* **PROBLEM TO SOLVE**
Give all the lines below again, exactly, with no pictures.
# # #
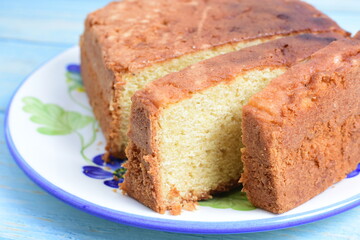 Homemade vanilla cake, displayed on plate and wooden background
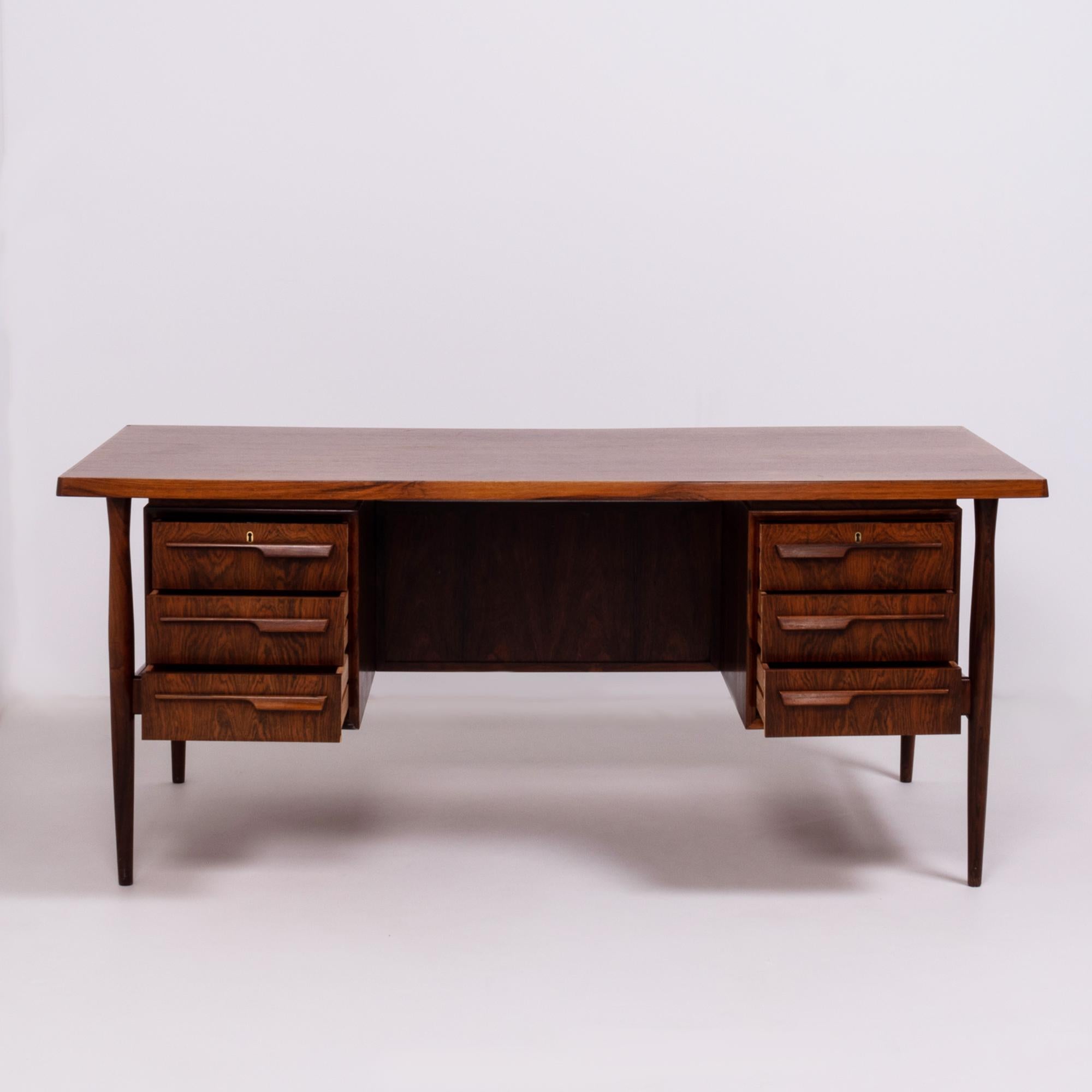 Beautifully constructed in rosewood, this large solid desk is a wonderful example of Mid-Century Modern design

Offering plenty of storage options, the front of the desk has two sets of three drawers, while the back of the desk has an open shelf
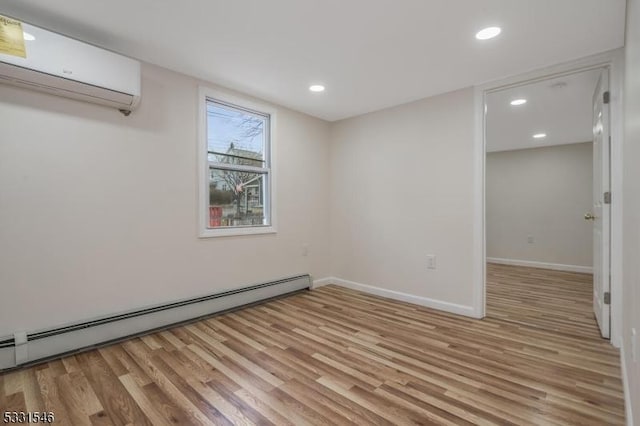 spare room with baseboard heating, a wall unit AC, and light wood-type flooring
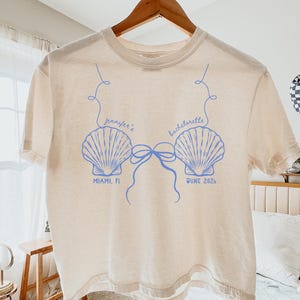 May include: Ivory-colored t-shirt with a blue seashell design and the text "Jennifer's Bachelorette" above the shells. Below the shells are the words "Miami, FL" and "June 2024". The shirt is hanging on a wooden hanger.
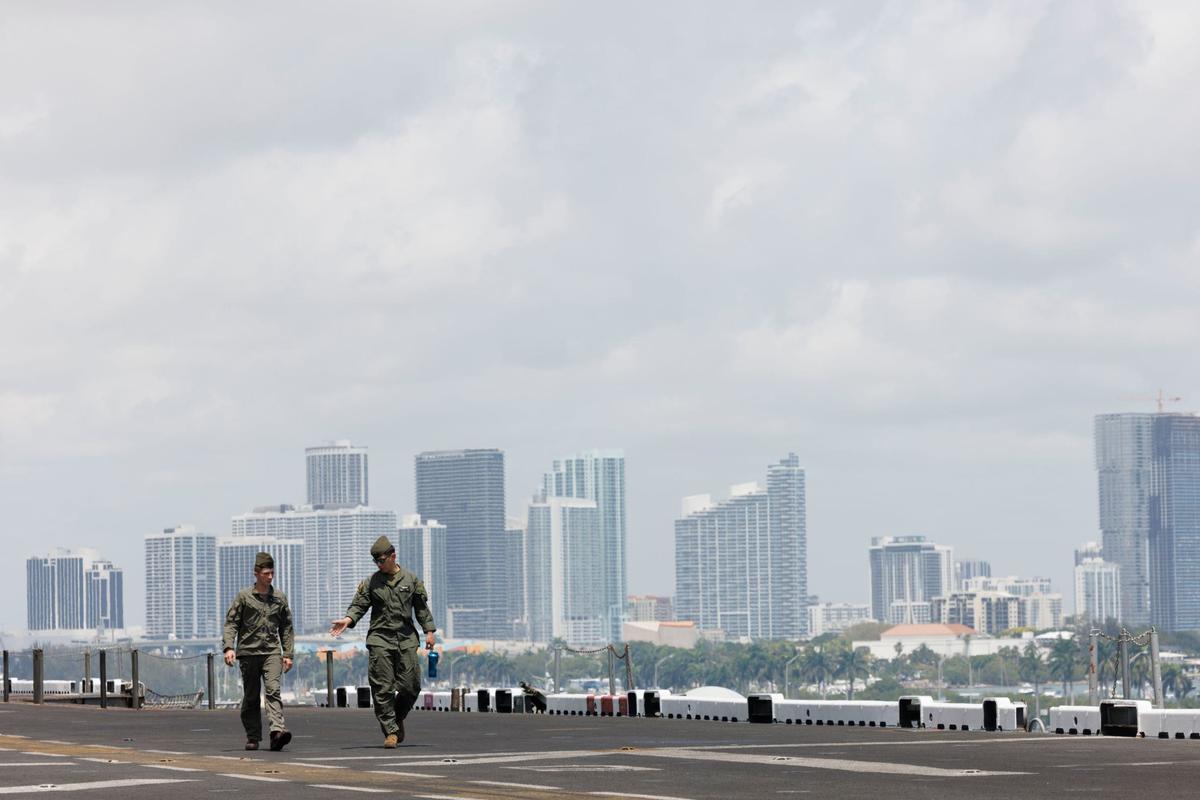 Two members of a heavy marine helicopter squadron walk across the flight deck of the USS Bataan in front of the Miami skyline during the opening day of Fleet Week on Monday, May 6, 2024, at Norwegian Cruise Lines Terminal in PortMiami.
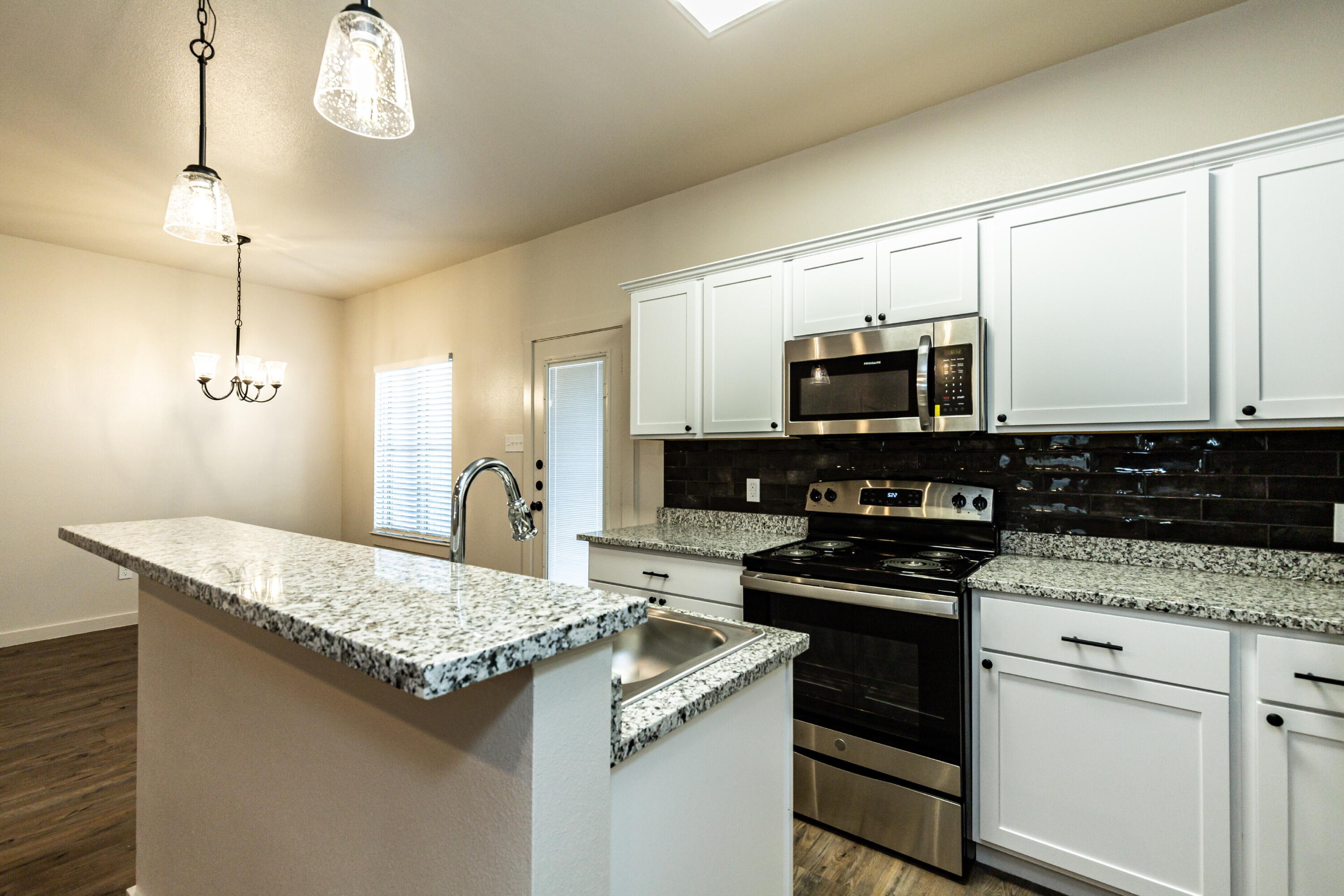 2526 138th Street Lubbock, TX 79423 - Photo 16 of 36 a kitchen with granite countertop a sink a stove and oven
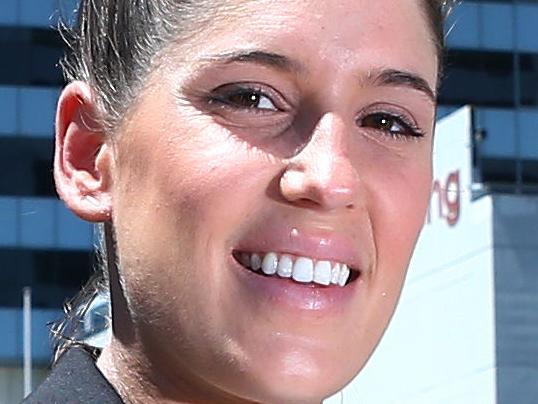 17/02/2016. Jada Parisi, currently works for a white collar company in Sydney but is about to relocate to Perth to pursue her ambitions. Photographed on Pyrmont Bridge, Darling Harbour in Sydney. Britta Campion / The Australian.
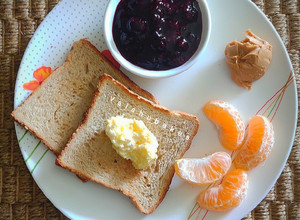 A picture of Continental Breakfast With Homemade Berry jam and Peanut Butter.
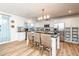Bright kitchen with white cabinets, stainless appliances, and island with barstool seating at 3981 Mckay Creek Dr, Largo, FL 33770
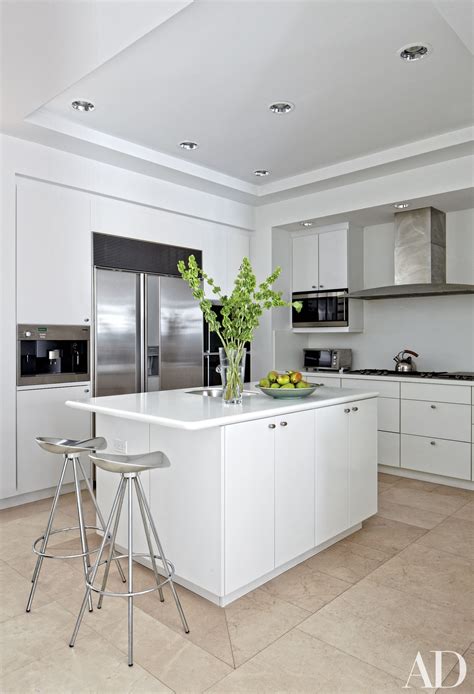 A refreshingly modern kitchen design with minimalist kitchen cabinets with mirror finish white laminates. White Kitchens Design Ideas Photos | Architectural Digest
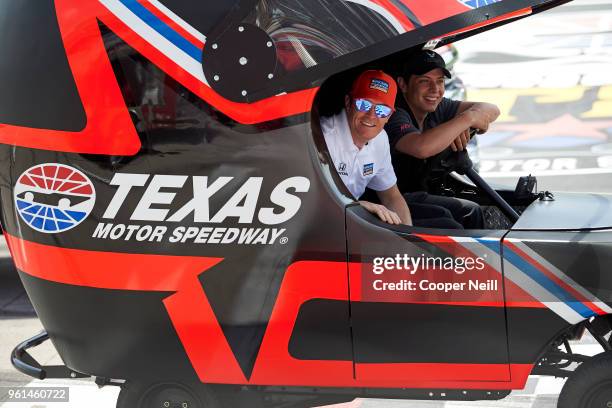 Drivers Scott Dixon and Gabby Chavez arrive for the first day of Speeding To Read at Texas Motor Speedway on May 22, 2018 in Fort Worth, Texas.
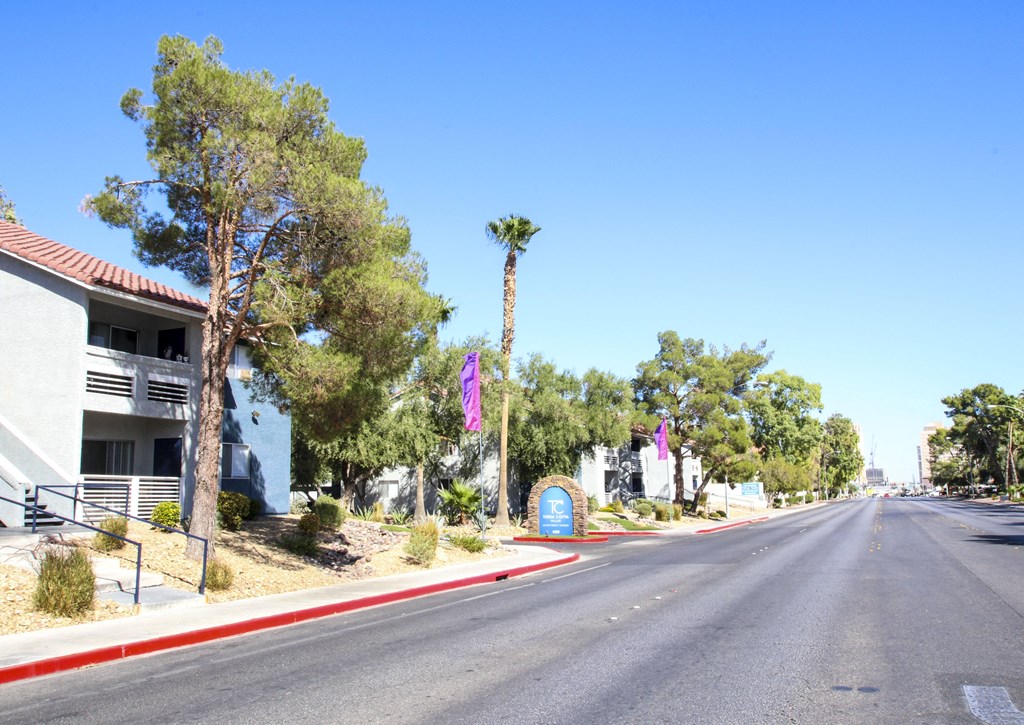 a street with houses and trees on the side of a road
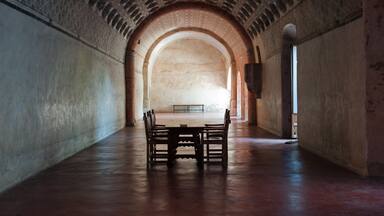Single tables and chairs inside the cloister at Actopan Mexico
# # #
* **RESULT OF THE EXERCISE**
 Homemade vanilla cake, displayed on plate and wooden background
 Beautifully constructed in rosewood, this large solid desk is a wonderful example of Mid-Century Modern design

Offering plenty of storage options, the front of the desk has two sets of three drawers, while the back of the desk has an open shelf
 spare room with baseboard heating, a wall unit AC, and light wood-type flooring
 May include: Ivory-colored t-shirt with a blue seashell design and the text "Jennifer's Bachelorette" above the shells. Below the shells are the words "Miami, FL" and "June 2024". The shirt is hanging on a wooden hanger.
 Two members of a heavy marine helicopter squadron walk across the flight deck of the USS Bataan in front of the Miami skyline during the opening day of Fleet Week on Monday, May 6, 2024, at Norwegian Cruise Lines Terminal in PortMiami.
 2526 138th Street Lubbock, TX 79423 - Photo 16 of 36 a kitchen with granite countertop a sink a stove and oven
 17/02/2016. Jada Parisi, currently works for a white collar company in Sydney but is about to relocate to Perth to pursue her ambitions. Photographed on Pyrmont Bridge, Darling Harbour in Sydney. Britta Campion / The Australian.
 A picture of Continental Breakfast With Homemade Berry jam and Peanut Butter.
Bright kitchen with white cabinets, stainless appliances, and island with barstool seating at 3981 Mckay Creek Dr, Largo, FL 33770
 A refreshingly modern kitchen design with minimalist kitchen cabinets with mirror finish white laminates. White Kitchens Design Ideas Photos | Architectural Digest
 Drivers Scott Dixon and Gabby Chavez arrive for the first day of Speeding To Read at Texas Motor Speedway on May 22, 2018 in Fort Worth, Texas.
 a street with houses and trees on the side of a road
Single tables and chairs inside the cloister at Actopan Mexico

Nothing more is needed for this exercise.